How does heavyweight boxing look without Tyson Fury?

‘I’m going home,’ Tyson Fury declared shortly after detonating an uppercut for the ages at Wembley Stadium that knocked out Dillian Whyte. If that is to be ‘The Gypsy King’s last action in a boxing ring, there will be no better way to sign off.

Fury is no doubt fond of a wind-up and has persistently contradicted himself over his future in the sport over the years. Previous retirement claims have been taken with a large pinch of salt but it feels different this time, with the 33-year-old last night vowing to stick to a promise made to his wife Paris.

The chance to unify the division against the winner of Oleksandr Usyk vs Anthony Joshua will certainly present itself when the dust settles on that IBF, WBA and WBO title rematch in July.

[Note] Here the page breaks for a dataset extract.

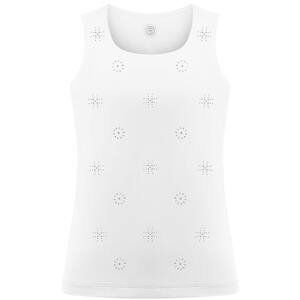 Poivre Blanc Dámské tílko  TANK TOP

But should Fury remain resolute in his promise to hang up his gloves – barring money-spinning exhibition fights and WWE appearances – it will mark a seismic shift in the heavyweight division with new challengers ready to join the title picture.

Fury has already given Deontay Wilder his blessing to step in and fight the winner of Usyk vs Joshua II. ‘The Bronze Bomber’ has somehow maintained his no1 ranking with the WBC despite two consecutive defeats but it remains to be seen what version of Wilder returns after those damaging losses to Fury.

A huge PPV return against Andy Ruiz Jr or Luis Ortiz, both also with Al Haymon’s Premier Boxing Champions, might be the most likely scenario should Fury stick to his retirement plan and vacate the belt.

During Saturday’s broadcast, it was announced that Joe Joyce and Joseph Parker have all but agreed their summer showdown. Ranked no2 and no3 respectively with the WBC and no1 and no2 with the WBO, the winner of that contest will surely feel confident of getting a title shot next.

Logic would suggest the winner will be locked in as the mandatory challenger for the WBO title set to be contested by Usyk and Joshua next month – or be firmly in the picture for that WBC belt.

With the IBF and WBA there are a host of fresh names ready to enter the title conversation. Daniel Dubois is expected to fight Trevor Bryan for the ‘regular’ WBA belt before the end of July.

37-year-old Robert Helenius however is pushing to be named the mandatory challenger for the ‘super’ title currently in Usyk’s possession, with the governing body recently ordering a title eliminator with another member of the Fury family in Tyson’s cousin Hughie.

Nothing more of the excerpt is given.